Surgical management and debridement is the first-line treatment of Necrotizing Fasciitis of odontogenic infections. The prevalence was relatively lower, continuation of the management of patients through surgical intervention would help provide the best care to these patients diagnosed with the disease under discussion.  However, special attention and care are needed to be provided to patients that have got necrotizing fasciitis and other laying conditions such as diabetes, hypertension, and Acquired Immune Deficiency Syndrome (AIDS). Immediate conventional surgical and supportive medical therapy is highly recommended for a good prognosis.

Recommendations

The study would put up a recommendation for the proper recording of all necessary patient details and the keeping of hospital record files. This would help in a more accurate estimation of death among patients suffering from necrotizing fasciitis of odontogenic origin.

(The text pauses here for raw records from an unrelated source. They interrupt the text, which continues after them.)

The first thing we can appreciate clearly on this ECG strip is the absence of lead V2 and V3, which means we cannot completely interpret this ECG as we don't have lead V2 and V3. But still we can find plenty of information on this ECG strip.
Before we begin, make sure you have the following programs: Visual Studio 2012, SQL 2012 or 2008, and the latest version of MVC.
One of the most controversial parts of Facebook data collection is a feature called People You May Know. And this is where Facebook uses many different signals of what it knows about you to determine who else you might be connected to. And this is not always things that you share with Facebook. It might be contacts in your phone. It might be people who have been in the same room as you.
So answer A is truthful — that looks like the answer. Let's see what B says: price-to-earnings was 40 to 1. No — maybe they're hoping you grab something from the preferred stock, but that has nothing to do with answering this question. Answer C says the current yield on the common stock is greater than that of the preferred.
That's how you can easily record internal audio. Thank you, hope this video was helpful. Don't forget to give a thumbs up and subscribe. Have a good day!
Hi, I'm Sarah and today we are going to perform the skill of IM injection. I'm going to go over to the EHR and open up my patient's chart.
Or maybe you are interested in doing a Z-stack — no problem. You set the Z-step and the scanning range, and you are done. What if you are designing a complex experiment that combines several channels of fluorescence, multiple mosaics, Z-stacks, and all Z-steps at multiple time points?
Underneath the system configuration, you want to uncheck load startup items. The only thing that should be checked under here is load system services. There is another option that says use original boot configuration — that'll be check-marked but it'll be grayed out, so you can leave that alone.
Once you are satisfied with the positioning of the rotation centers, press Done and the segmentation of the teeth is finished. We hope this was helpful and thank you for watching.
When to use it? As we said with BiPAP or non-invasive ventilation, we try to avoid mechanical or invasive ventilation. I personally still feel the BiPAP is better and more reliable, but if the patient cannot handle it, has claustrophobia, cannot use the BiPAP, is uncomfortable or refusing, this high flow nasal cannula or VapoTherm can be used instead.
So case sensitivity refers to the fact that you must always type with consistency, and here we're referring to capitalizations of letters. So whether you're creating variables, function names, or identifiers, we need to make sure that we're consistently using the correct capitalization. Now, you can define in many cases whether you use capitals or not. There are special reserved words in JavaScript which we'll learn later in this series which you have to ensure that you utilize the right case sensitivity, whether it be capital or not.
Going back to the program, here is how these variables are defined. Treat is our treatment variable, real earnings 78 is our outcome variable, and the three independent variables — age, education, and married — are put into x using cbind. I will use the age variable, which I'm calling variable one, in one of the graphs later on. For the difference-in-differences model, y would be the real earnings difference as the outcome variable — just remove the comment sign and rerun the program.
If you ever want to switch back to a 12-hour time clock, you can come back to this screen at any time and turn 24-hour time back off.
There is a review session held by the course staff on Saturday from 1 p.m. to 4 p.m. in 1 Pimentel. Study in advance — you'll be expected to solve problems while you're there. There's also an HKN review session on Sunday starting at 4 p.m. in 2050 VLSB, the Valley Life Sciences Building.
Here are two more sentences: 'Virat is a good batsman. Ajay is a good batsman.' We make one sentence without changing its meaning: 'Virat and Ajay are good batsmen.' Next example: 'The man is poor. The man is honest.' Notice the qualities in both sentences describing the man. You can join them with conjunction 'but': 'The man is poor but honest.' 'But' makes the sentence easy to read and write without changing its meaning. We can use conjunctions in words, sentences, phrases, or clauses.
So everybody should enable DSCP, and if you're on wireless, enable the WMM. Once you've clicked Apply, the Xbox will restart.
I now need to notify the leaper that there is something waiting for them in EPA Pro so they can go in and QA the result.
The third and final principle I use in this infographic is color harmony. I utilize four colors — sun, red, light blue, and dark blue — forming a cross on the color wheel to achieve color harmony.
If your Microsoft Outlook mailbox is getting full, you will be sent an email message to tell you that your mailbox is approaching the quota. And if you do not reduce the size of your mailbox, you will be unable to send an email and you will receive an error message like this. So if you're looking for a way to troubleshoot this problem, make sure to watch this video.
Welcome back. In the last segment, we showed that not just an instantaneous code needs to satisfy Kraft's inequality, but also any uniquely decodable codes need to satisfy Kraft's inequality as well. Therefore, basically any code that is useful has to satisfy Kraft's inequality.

Another recommendation can be put across for similar future research works to be conducted from other health institutions in Zambia such as The University Teaching Hospital, Ndola Teaching Hospital and Kitwe Teaching Hospital that might have attended to more cases of necrotizing fasciitis of odontogenic origin. Doing similar studies from these other institutions would enable meaningful comparisons to be made within the Zambian context.

A message of recommendation might also be applicable to the healthcare workers concerned with the management of patients that are suffering from necrotizing fasciitis of odontogenic origin to continue paying extra care and attention to patients with comorbidities such as diabetes mellitus, hypertension, and tuberculosis or any other comorbidity as this affect the outcome of treatment for patients with Necrotizing Fasciitis of odontogenic origin. Recommendation of immediate conventional surgical debridement and supportive medical therapy to be initiated on patients who present with this severe illness.

Availability of data and materials:

All data is contained within the manuscript.

Authors’ contributions: SS designed the study, performed the literature search, reviewed articles for inclusion and exclusion,SS, CP, GM performed literature review and statistical analysis, and Co wrote the manuscript. JM, DN read and approved the final manuscript.

Ethics approval: Obtained from UNILUSBREC .

Consent for publication: Requested from NHRA.

Competing interests: The authors declares that there is no competing interests.